Last Exit To Brooklyn is an intense, powerful, and unconventional and makes for a unique and moving reading experience.
Selby's next novel was The Room which was published in 1971. The book is about a criminally insane man locked up in a cell who reminisces about his past. He is nameless and explores his feelings of impotence, hatred and rage, and fantasies of revenge.
The Demon (1976) is about the life of Harry White who has a good marriage and a good job, but is haunted by a need for lust and retribution and chronicles how his life evolves into a climax of apocalyptic violence.
Requiem For A Dream (1978) concerns four Brooklynites whose lives spiral out of control as they succumb to their addictions. Harry and Marion are in love and Tyrone is their friend. Sara is Harry's lonely, widowed mother. Sara's dream is to be on TV and when a phone call from a casting company gets her hopes up, she starts bingeing on diet pills to lose weight. She becomes addicted and delirious, and ends up in the hospital undergoing shock therapy. Harry, Marion, and Tyrone are heroin addicts and decide to make money by buying some uncut product and selling it. Harry and Ty end up in jail, and Marion, now alone takes a hellish path into prostitution to pay for her habit.

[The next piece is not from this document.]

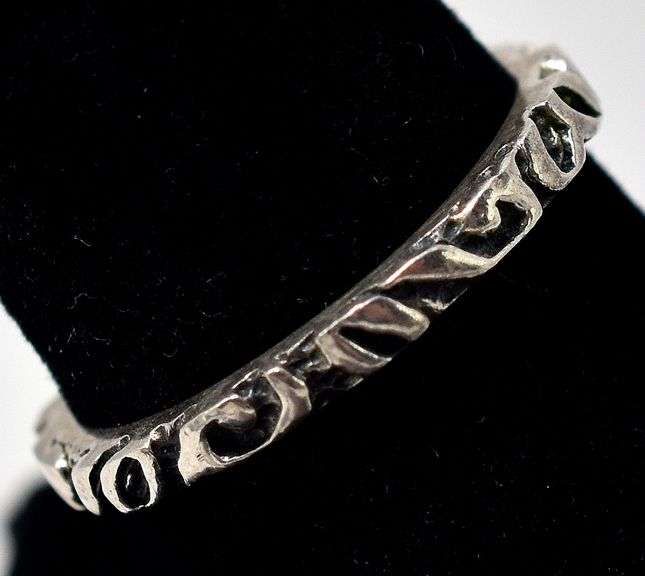 Relief Cut Thin Band Ring in Sterling Silver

Song of the Silent Snow (1986) is a collection of 15 stories that include Selby's clipped street vernacular and poetic descriptions and is probably his most compassionate book about an uncaring world.
There were also two good films made of Selby's work.
Last Exit to Brooklyn was made in 1989 by Uli Edel and stars Jennifer Jason Leigh as Tralala, Stephen Lang as Harry Black in Strike, and Alexis Arquette as the tragic transvestite Georgette.
Requiem For A Dream is directed by Darren Aronofsky and stars Ellen Burstyn, Jared Leto, Jennifer Connelly, and Marlon Wayans. The film has an interesting soundtrack and uses innovative camera work and editing to depict the points of view of the characters who are drug addicts.
The documentary film HUBERT SELBY JR: It/ll Be Better Tormorrow came out in 2005 and is a good overview of Selby's life and work.